Metadata and semantic enrichment

(Gerald Hiebel, Edeltraud Aspöck)

    Main categories of physical reality, documentation and digitizing processes. Figure 1: Main categories of physical reality, documentation and digitising processes. Metadata created for TD resources and documented object. Table 1: Metadata created for TD resources and documented object.

To retrieve resources from the TD archive for archaeological research a data model was required to organise and integrate the metadata of the digital and analogue resources for querying. Entity relationship models have been used widely to model archaeological data in relational databases like Postgres, MySQL or MS Access.
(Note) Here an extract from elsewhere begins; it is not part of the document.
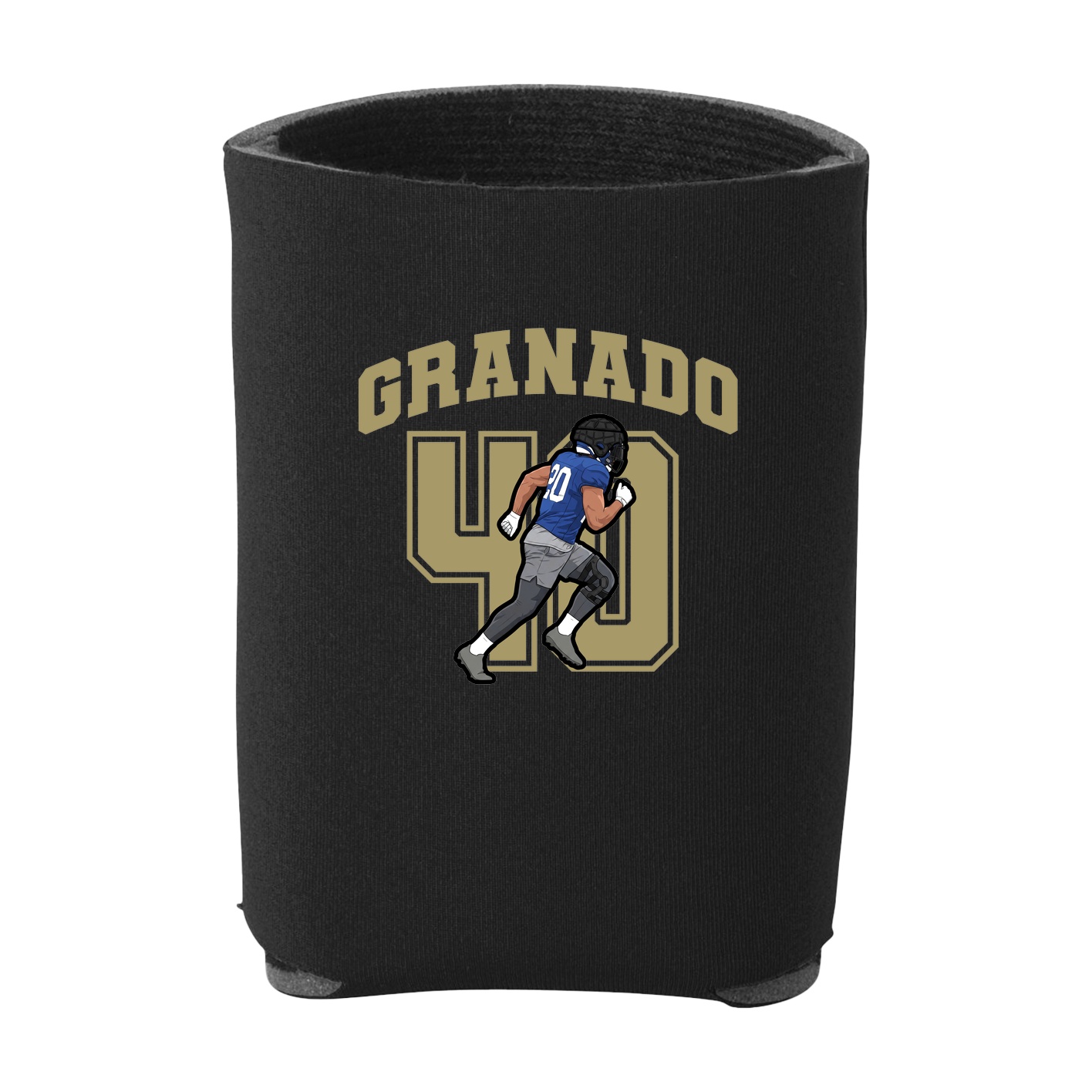 Can Holder — Number in Black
However, due to the complexity of archaeological documentation and the relations between physical objects, the processes excavating, documenting and interpreting them and the documentation created on the physical objects and the processes, the use of ontologies as data models increases in archaeology and semantic technologies are employed to implement the ontology and store the data.

We decided to use the CIDOC CRM ontology (Le Boeuf, P. et al. 2015) as the conceptual background to model TD resources, the physical reality they document and the process of creating digital documentation from analogue sources. The CIDOC CRM is an ISO standard for cultural heritage documentation and was extended in the past few years to model archaeological excavations (CRMarchaeo), scientific observation (CRMsci) and digital provenance (CRMdig) (CIDOC CRM 2016).

Analysing the available documentation and the process of digitising analogue sources we identified five main categories distinct in their nature: excavation areas, archaeological features and finds, documentation (analogue & digital), physical storage, digital secondary documentation (Figure 1).

In very simple terms it can be said that the physical reality of archaeological features and finds (archaeological objects created in the distant past) that were found in specific excavation areas (excavation objects such as squares and areas created by the archaeologists in the not so distant past) are documented in analogue and digital documentation. In the A Puzzle in 4D project we create homogeneous metadata to answer the following questions:

  • Which files document an excavation area? For example, which resources document the archaeological evidence and finds in area F/1, square j/21, Planum 3??
  • Which files document archaeological features/finds of a specific type (e.g. graves)?
  • Which files document a specific archaeological feature/find (e.g. grave 5 and walls in area F/1 square j/21)?
  • Which archaeological features/finds of a specific type and material are documented in an excavation area?
  • What stratum was assigned to archaeological features/finds?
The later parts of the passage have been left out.